Mutuum Finance (MUTM)
In its current version of the protocol, the team has outlined that cryptocurrencies such as USDT, ETH, LINK, and WBTC are available in the testnet environment. Users are able to lend, borrow, and stake within the platform. Alongside crossing the $200 million TVL mark, the project has also raised over $20.7 million, with more than 19,000 holders participating.
The native token of Mutuum Finance is MUTM, which is priced at $0.04. The token smart contract has been reviewed by CertiK, reaching a Token Scan score of 90/100.
From the product side, the lending and borrowing smart contracts have also undergone an audit conducted by the security firm Halborn.
V1 Protocol Core Features
The core features of its V1 protocol include mtTokens, debt tokens, stability factor monitoring, and an automated liquidator bot. mtTokens represent proof of deposit and accumulate yield over time. Debt tokens track the borrowed amount and the interest accrued on positions. The stability factor helps monitor the safety of collateralized positions, while the automated liquidator bot observes risk levels and triggers liquidations when required to maintain protocol stability. Recently, the team added a new feature that enables users to choose borrowing presets.

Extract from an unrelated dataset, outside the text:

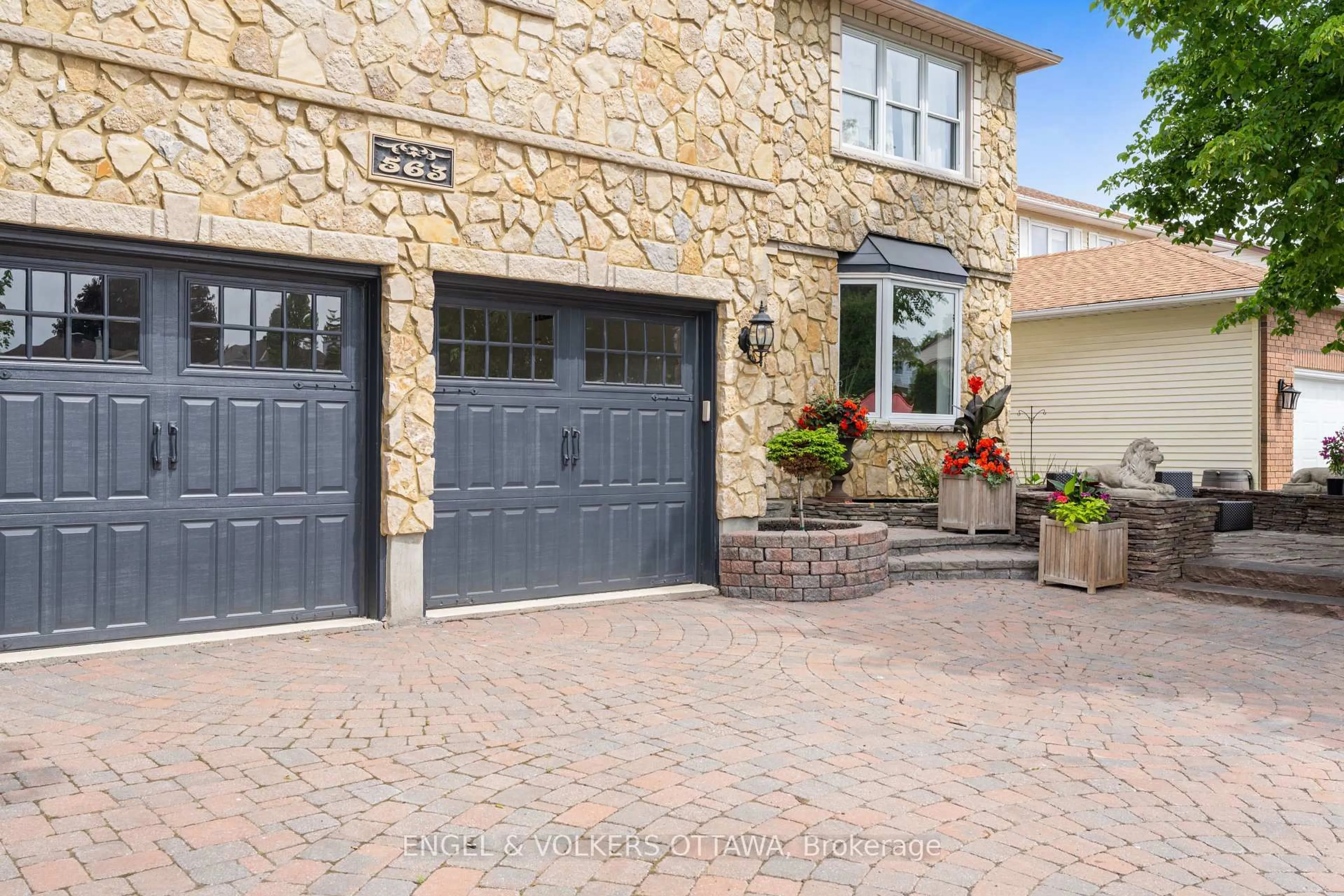 Home with brick exterior material, street for 563 Merkley Dr, Ottawa Ontario K4A 1V9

If users mint WBTC, they will receive mtWBTC (mtTokens) in return after supplying them into the protocol. These mtTokens can be staked in the safety module to receive dividends, in addition to the yield accumulation from lending activity based on APY.
Part of the protocol fees generated from lending interest, liquidation fees, and other platform activity is allocated to purchasing MUTM tokens from the open market. These tokens are then distributed to users who stake their mtTokens. This buyback and distribute mechanism links protocol usage with token demand while providing additional incentives for long-term participation.
From the borrowing side, those WBTC tokens can be posted as collateral instead of selling them, allowing users to retain potential price appreciation from WBTC while borrowing other crypto assets such as ETH or USDT.
Borrowing presets give investors the ability to choose between safe, balanced and aggressive options. The safe preset keeps borrowing well below the maximum loan-to-value level, reducing liquidation risk. The balanced preset allows moderate borrowing relative to the deposited collateral, offering a middle ground between safety and capital efficiency. The aggressive preset enables borrowing closer to the maximum LTV threshold, allowing greater access to liquidity while also increasing exposure to liquidation risk if collateral value declines.
For example, if a user deposits $5,000 worth of ETH as collateral and the maximum loan-to-value ratio is 80%, the maximum borrow limit would be around $4,000. Under the Safe preset (SF ≥ 2.0), borrowing would typically remain significantly below that level, for instance around $2,000, maintaining a large safety buffer against liquidation. With the Balanced preset (SF ≈ 1.7), a user could borrow approximately $2,800–$3,000, utilizing more of the collateral while still keeping moderate protection. Under the Aggressive preset (SF ≈ 1.4), borrowing could move closer to the upper limit, for example around $3,500–$4,000, increasing liquidity access but also raising liquidation risk if the ETH price declines.
Overall, the project continues to actively develop its lending and borrowing protocol, enhancing its features ahead of the planned mainnet launch. According to its roadmap, future ecosystem developments include the introduction of an overcollateralized stablecoin, along with multichain expansion and Layer 2 integration to improve scalability and protocol accessibility.